In the afternoon I went to the best camera shop I've been to in my life. Yodobashi Camera in Umeda, up near Shin-Osaka station, has everything photographic you could possibly think of plus a whole lot more. Catering from beginners looking for their first compact to professionals requiring specialist lighting worth over $30,000 they had it all. I was not surprised when the helpful shop assistant came back to me with the exact model of underwater housing I required for my new Canon S95 compact. All of the Australian shops I'd been to online indicated that they would need to order in the part. Here it was in stock. And for about two thirds of the price. Satisfied that I'd managed to achieve something other than lying in my bed, working or eating, I made my way once more back to my hotel. This time I just dropped off my purchase, along with the other small photographic items and new headphones I couldn't resist buying and wandered sleepily around the streets looking for dinner. I also wanted to see if I could locate the Y8 Bar. I'd promised Jenny that I would come back on my last night in Osaka, so thought that tonight I should probably at least find where it was so that I knew where to go the next night. I was determined to be in bed early so that I was in reasonable condition for work the next day. Jenny saw me from the bar and came running out to the street to greet me. I told her that I wasn't up for sitting in the bar and needed some good nourishing food. After a quick word to the boss, she led me around the block to a different bar, one that served oden, a collection of vegetables, fish balls, egg and tofu individually steamed in a clear broth. A very wholesome meal, washed down by a couple of not quite as wholesome but refreshing beers. Jenny ate some oden with me and went back to work. I finished my meal and fell into bed around midnight.

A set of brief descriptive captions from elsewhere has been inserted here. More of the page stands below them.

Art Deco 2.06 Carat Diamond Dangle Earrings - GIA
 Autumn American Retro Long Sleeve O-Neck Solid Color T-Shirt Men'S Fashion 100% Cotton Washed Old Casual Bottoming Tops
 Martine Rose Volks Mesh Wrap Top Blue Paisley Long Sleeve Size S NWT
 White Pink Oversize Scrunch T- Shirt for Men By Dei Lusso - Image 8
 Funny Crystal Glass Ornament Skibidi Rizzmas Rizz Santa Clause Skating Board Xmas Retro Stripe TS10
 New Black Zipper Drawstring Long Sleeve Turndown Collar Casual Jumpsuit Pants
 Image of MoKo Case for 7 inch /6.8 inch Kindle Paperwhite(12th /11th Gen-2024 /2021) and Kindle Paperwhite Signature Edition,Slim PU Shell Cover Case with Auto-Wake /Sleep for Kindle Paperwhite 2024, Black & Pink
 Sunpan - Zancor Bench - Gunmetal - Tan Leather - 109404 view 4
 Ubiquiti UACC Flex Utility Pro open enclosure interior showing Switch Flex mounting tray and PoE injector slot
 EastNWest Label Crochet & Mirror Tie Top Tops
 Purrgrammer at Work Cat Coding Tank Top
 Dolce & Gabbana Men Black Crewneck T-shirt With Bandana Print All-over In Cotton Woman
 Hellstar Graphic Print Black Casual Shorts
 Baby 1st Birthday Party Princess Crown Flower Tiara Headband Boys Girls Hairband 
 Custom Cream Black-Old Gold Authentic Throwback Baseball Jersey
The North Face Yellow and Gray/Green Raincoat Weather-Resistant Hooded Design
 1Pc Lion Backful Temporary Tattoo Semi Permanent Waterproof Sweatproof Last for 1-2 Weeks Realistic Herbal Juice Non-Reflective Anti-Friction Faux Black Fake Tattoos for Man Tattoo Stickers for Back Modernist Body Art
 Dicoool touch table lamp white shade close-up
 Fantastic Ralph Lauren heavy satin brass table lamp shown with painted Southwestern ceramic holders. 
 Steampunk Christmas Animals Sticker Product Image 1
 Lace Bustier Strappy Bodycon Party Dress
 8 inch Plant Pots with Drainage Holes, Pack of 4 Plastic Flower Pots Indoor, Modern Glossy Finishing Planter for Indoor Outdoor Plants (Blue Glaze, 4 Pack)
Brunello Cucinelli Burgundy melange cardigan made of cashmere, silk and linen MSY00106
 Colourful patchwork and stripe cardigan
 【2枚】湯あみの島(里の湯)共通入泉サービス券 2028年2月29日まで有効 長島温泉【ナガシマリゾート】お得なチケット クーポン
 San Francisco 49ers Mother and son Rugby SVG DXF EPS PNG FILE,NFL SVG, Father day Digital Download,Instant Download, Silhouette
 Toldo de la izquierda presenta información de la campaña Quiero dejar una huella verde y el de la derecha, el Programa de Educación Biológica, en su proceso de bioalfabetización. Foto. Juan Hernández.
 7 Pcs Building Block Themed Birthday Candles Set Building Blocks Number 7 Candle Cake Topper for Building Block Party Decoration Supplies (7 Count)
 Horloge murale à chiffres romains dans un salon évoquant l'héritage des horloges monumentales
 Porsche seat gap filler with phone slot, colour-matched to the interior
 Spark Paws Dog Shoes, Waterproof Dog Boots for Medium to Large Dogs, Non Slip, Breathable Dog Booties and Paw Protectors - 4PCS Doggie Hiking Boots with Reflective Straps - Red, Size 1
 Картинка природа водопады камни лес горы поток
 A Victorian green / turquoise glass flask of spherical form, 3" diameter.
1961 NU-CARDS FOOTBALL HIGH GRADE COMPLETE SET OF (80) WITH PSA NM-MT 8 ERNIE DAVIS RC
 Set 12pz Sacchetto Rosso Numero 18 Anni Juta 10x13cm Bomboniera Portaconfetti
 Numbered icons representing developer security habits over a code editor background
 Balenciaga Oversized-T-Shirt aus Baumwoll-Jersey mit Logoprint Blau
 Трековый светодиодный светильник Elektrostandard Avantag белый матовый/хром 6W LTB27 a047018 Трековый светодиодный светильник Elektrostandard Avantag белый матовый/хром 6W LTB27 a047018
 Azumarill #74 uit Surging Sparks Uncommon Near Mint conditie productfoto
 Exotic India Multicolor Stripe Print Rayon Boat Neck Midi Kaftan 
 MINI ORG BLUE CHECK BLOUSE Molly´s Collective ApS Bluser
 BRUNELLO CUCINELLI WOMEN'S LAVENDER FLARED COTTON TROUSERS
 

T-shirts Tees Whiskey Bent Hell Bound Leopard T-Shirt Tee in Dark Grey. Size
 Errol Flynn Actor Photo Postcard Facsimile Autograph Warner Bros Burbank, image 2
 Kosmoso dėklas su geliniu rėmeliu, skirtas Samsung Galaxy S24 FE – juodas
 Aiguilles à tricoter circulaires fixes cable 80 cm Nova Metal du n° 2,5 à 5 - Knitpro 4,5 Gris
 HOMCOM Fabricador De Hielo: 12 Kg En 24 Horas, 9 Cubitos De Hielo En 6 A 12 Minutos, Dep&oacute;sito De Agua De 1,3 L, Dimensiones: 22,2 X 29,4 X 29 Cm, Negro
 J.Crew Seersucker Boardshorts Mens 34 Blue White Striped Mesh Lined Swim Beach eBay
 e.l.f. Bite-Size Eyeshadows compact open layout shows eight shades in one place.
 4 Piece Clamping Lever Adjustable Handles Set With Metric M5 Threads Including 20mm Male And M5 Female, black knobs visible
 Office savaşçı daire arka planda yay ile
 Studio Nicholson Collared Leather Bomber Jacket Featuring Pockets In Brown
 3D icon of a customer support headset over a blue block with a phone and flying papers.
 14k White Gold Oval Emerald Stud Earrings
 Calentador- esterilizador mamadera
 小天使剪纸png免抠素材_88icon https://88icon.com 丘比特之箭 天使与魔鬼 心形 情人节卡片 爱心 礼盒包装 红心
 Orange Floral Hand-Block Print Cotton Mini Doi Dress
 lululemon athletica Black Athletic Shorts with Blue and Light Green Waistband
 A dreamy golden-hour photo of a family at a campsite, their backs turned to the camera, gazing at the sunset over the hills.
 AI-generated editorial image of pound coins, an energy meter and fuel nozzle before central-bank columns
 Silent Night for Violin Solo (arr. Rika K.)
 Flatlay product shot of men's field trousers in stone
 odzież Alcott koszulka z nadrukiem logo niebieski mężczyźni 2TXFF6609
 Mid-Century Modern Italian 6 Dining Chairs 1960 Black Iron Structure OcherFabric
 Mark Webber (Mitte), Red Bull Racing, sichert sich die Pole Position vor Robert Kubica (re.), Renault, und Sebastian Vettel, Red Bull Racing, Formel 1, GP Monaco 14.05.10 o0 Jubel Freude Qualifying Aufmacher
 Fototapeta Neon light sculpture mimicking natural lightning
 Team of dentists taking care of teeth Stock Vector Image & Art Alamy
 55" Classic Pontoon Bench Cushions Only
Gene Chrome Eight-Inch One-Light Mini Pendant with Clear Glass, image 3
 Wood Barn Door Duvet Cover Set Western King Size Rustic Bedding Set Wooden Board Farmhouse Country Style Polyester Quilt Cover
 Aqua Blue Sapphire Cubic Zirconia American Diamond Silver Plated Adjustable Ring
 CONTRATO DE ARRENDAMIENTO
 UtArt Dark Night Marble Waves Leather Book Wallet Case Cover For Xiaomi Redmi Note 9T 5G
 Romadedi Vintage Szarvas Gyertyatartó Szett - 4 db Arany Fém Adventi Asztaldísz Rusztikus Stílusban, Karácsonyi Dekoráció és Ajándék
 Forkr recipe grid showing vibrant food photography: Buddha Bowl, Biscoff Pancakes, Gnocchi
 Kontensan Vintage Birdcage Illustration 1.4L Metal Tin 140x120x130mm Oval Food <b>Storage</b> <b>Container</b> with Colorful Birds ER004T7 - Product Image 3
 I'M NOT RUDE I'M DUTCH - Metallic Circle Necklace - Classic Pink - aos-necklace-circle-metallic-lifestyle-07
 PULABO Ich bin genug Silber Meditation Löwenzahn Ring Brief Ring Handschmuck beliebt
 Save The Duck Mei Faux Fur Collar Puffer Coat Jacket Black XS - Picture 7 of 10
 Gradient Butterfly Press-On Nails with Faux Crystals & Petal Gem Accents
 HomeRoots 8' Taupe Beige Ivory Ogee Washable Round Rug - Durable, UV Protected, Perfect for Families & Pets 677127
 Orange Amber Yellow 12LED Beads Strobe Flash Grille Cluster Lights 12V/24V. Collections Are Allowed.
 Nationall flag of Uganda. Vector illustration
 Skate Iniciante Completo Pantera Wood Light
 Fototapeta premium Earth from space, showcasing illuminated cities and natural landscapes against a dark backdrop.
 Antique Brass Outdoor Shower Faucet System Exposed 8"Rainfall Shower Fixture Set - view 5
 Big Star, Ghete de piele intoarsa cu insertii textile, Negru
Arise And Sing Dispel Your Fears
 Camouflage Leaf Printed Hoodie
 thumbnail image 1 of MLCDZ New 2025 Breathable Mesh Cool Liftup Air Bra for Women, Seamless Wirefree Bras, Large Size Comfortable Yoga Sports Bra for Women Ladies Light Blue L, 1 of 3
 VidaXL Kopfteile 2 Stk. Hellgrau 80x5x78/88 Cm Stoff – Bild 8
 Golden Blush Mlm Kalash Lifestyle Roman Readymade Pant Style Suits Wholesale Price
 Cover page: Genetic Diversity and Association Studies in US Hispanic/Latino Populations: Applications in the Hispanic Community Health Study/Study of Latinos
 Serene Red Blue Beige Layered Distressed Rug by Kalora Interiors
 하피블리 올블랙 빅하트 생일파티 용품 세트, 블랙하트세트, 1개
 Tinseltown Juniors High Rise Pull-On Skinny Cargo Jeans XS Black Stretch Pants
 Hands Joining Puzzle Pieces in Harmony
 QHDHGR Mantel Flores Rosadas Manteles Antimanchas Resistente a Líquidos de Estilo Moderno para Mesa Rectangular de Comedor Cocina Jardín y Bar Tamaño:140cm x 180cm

After my first full night's sleep in 5 days I felt suitably refreshed to tackle my last day in Japan. A day at the HP office reviewing the implementation and planning for the next stages was followed by drinks and dinner at a local izakaya, Japan's equivalent of the tapas bar. The Japanese certainly like their beer, which is perhaps why Australians warm so quickly to the place. I didn't want to be rude so made sure that I drank my fair share before we said our farewells and I went off to my hotel to pack in preparation for my early departure the next morning. I still had to get down to Y8 for a farewell drink there and knew that packing in the morning would undoubtedly pose a greater challenge. When I got to Y8 just before midnight, I could see that business had picked up and there were a few people in. I sat at the bar once more and chatted to Jenny, her friend Yuki, a Japanese rasta guy who they knew and another of their friends who dropped in. It was a very social affair involving more beer and some experimental cocktails until I dragged myself away around 4am. I had to get up at 6 to get to the airport, so I figured I might as well end the journey as I'd begun, albeit this time with the added bonus of a hangover. It had been quite a strange trip. Two visits now to the city and I still haven't made it to Osaka Castle, one of the city's main tourist attractions. I had planned to go down to Kyoto for a day and spend the Sunday night there, but in the end blew that out. In essence I'd stumbled into a nice little local scene in Osaka and had met some local people who made me feel extremely welcome. That always means much more to me than wondering around on my own looking at stuff. My feelings for Osaka are warm. I love going to Japan and look forward to my next trip back.